■ PROBLEM TO WORK ON
If a line below falls between the line with "(190608) - GUIYANG, Juni" and the line with "Gran ambiente en", or is one of those two, output it exactly; output nothing else and no pictures.

(Brief descriptive captions)
━━━━━━━━━━

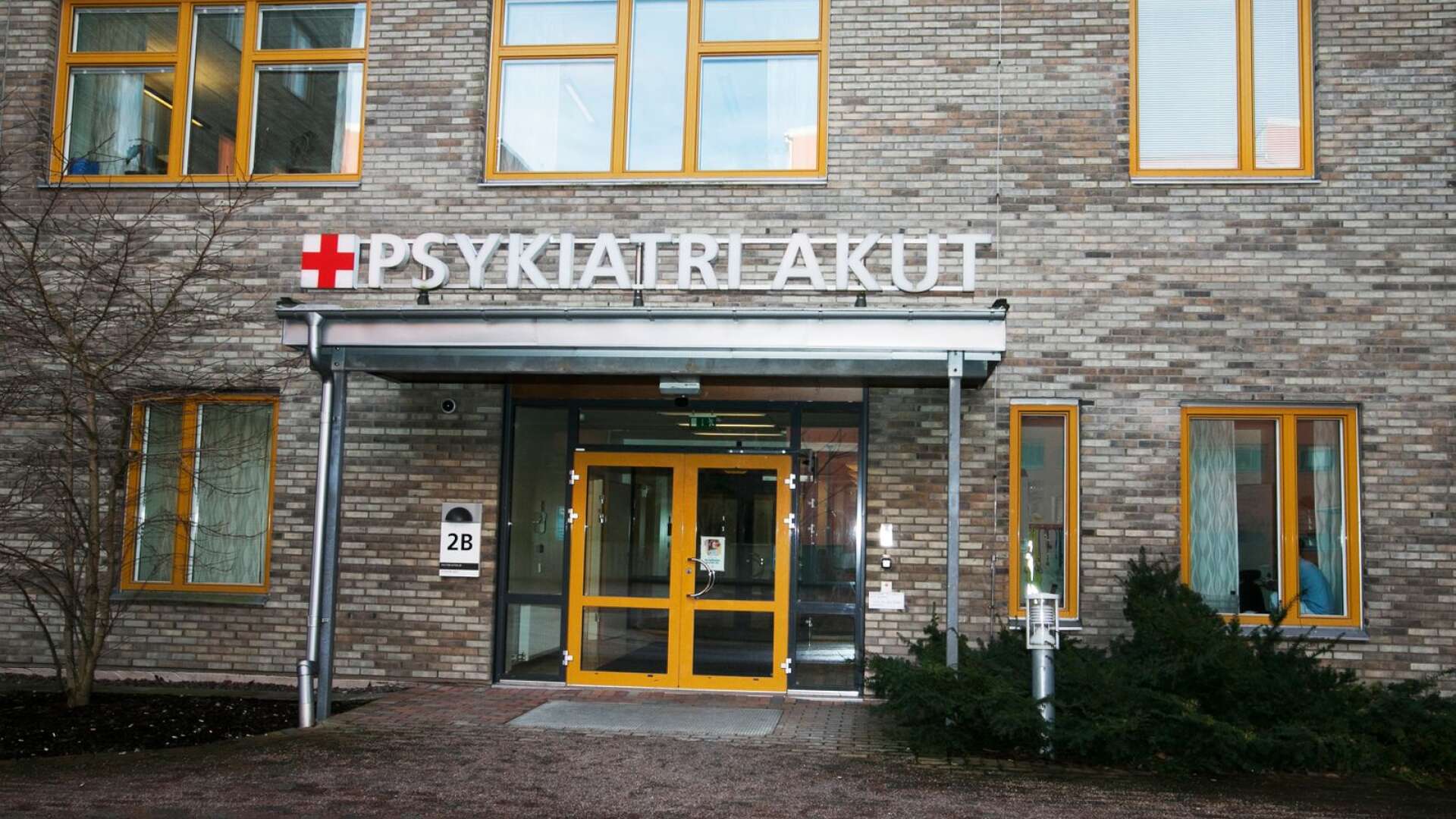 &quot;Vi bedömer inte att patientsäkerheten är hotad&quot;, säger Agneta Nilsson Lohse, verksamhetschef för den psykiatriska slutenvården, angående situationen i psykiatrihuset i Karlstad.
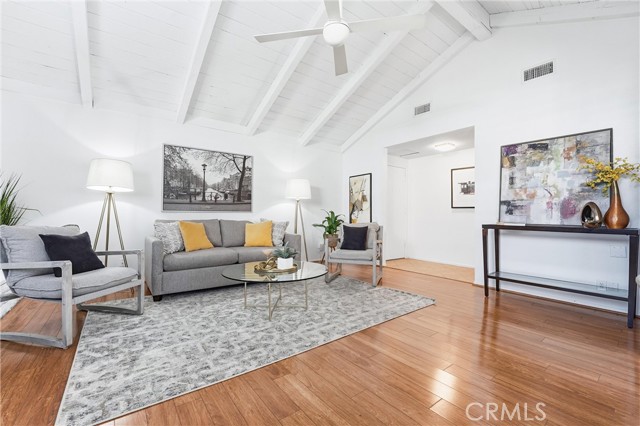 Detail Gallery Image 9 of 57 For 2367 S Gene Autry #B,  Palm Springs,  CA 92264 - 2 Beds | 2 Baths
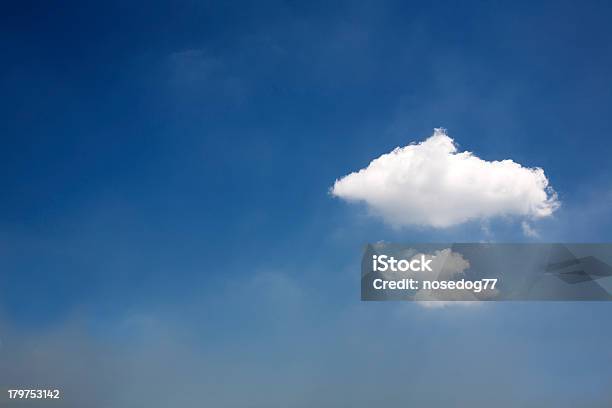 Cielo Azul Foto de stock y más banco de imágenes de Aire libre - Aire libre, Azul, Belleza de la naturaleza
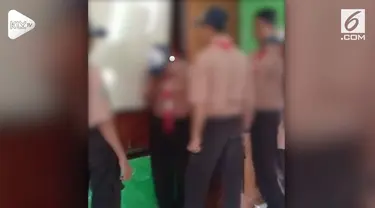 Video penganiayaan seorang siswa SMP di Jombang viral di sosisl media. Meski antara korban dan pelaku telah sepakat berdamai Polres Jombang terus memantau kasus tersebut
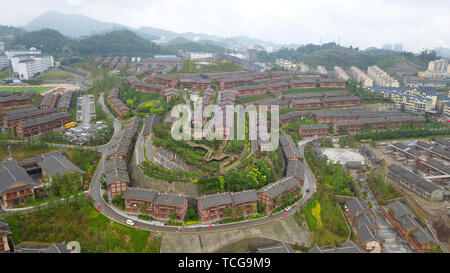 (190608) - GUIYANG, Juni 8, 2019 (Xinhua) - Luftaufnahme genommen am 6. Juni 2019 zeigt eine-mei Qituo Stadt Qinglong County, im Südwesten Chinas Provinz Guizhou. Verlassen Ihre schäbigen Hang Wohnungen auf steilen Hang gebaut, verarmt die Sanbao Dorfbewohner ein besseres Leben umarmen. Armut betroffene Familien in Sanbao Stadt haben in neue Häuser in einer bewegt-mei Qituo Stadt mit Hilfe der lokalen Regierung. (Xinhua / Yang Wenbin) Stockfoto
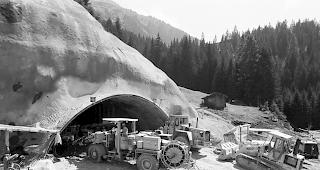Die Baustelle des Vereinatunnel-Nordportals bei Kosters/Selfranga, aufgenommen am 23. Juli 1991.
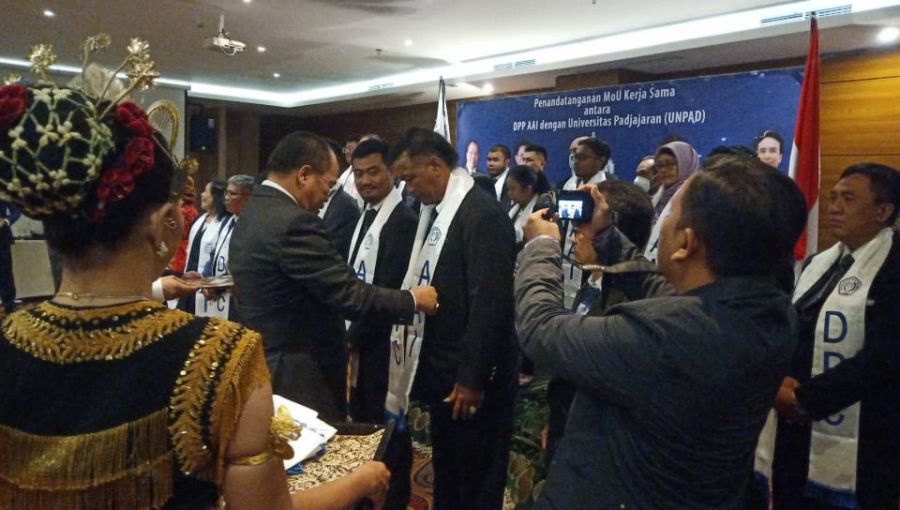 Bambang Budiyanto Ketua DPC AAI Jepara Dilantik Ketua Umum DR. Palmer Situmorang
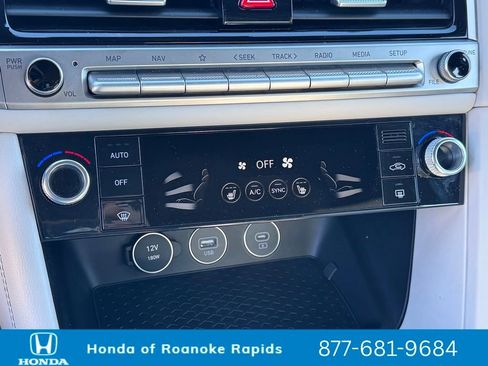 Used 2024 Genesis G70 2.5T image 18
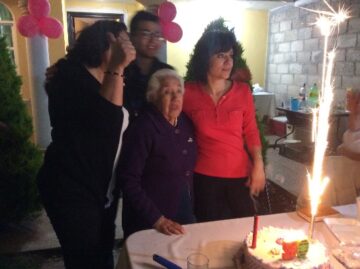 Imágenes para rendir homenaje a persona finada, estas pueden variar en su contenido.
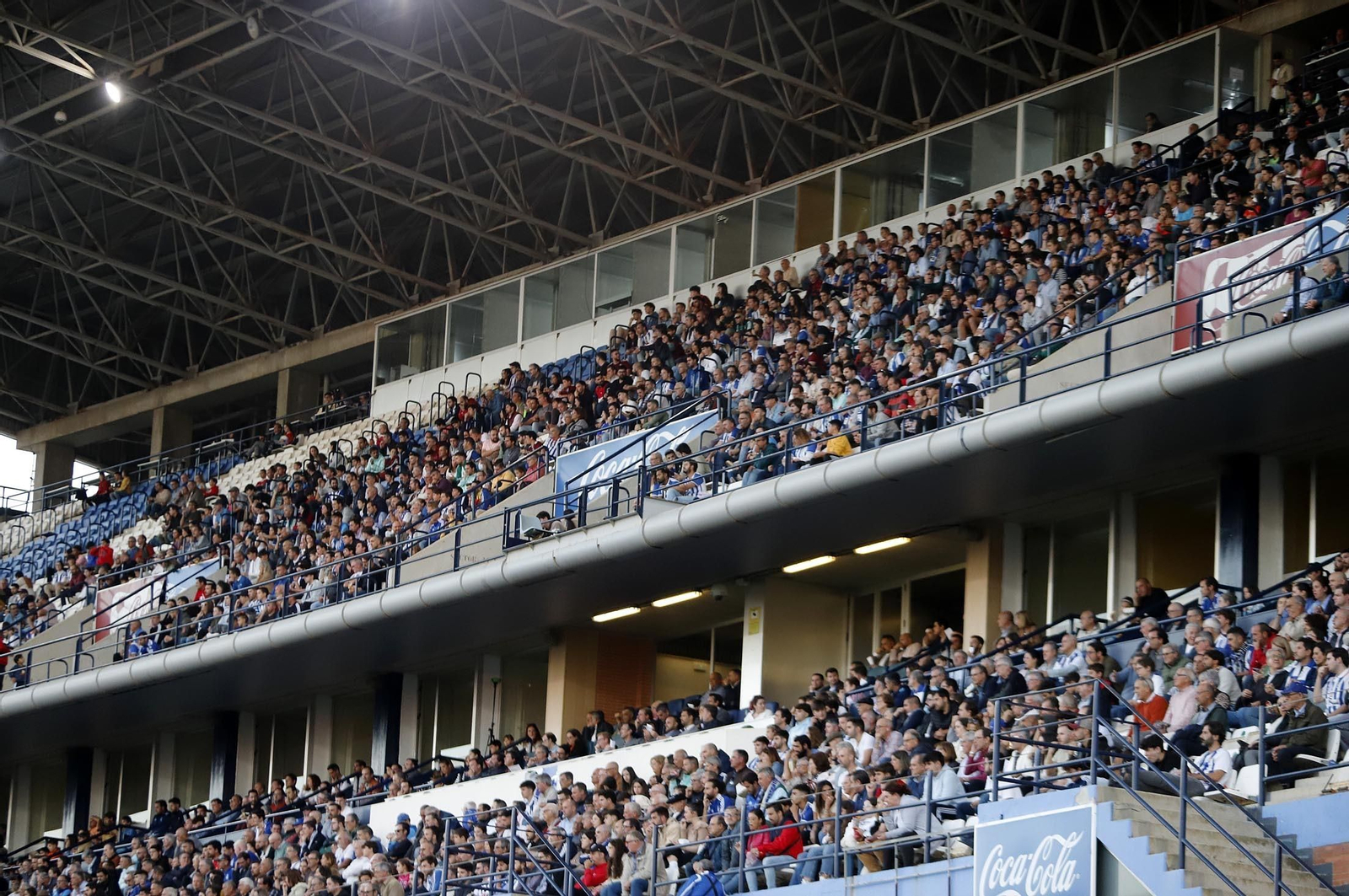 Gran ambiente en las gradas del Nuevo Colombino para el Recre-At Sanluqueño, en imágenes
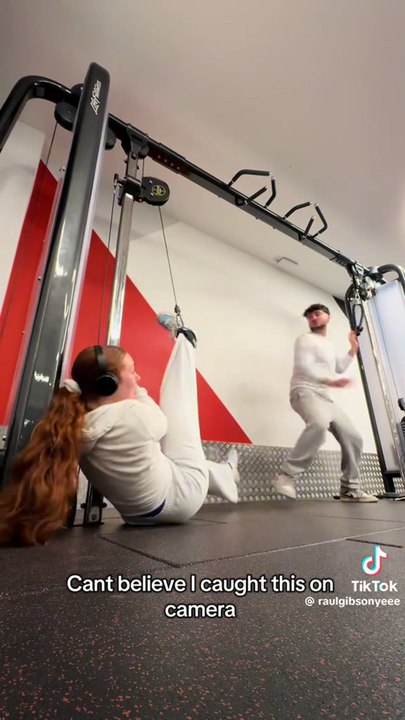 Esta chica se hace viral tras este accidente en el gimnasio que lleva 4M de visitas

━━━━━━━━━━

■ EXPECTED ANSWER
 (190608) - GUIYANG, Juni 8, 2019 (Xinhua) - Luftaufnahme genommen am 6. Juni 2019 zeigt eine-mei Qituo Stadt Qinglong County, im Südwesten Chinas Provinz Guizhou. Verlassen Ihre schäbigen Hang Wohnungen auf steilen Hang gebaut, verarmt die Sanbao Dorfbewohner ein besseres Leben umarmen. Armut betroffene Familien in Sanbao Stadt haben in neue Häuser in einer bewegt-mei Qituo Stadt mit Hilfe der lokalen Regierung. (Xinhua / Yang Wenbin) Stockfoto
Die Baustelle des Vereinatunnel-Nordportals bei Kosters/Selfranga, aufgenommen am 23. Juli 1991.
 Bambang Budiyanto Ketua DPC AAI Jepara Dilantik Ketua Umum DR. Palmer Situmorang
 Used 2024 Genesis G70 2.5T image 18
 Imágenes para rendir homenaje a persona finada, estas pueden variar en su contenido.
 Gran ambiente en las gradas del Nuevo Colombino para el Recre-At Sanluqueño, en imágenes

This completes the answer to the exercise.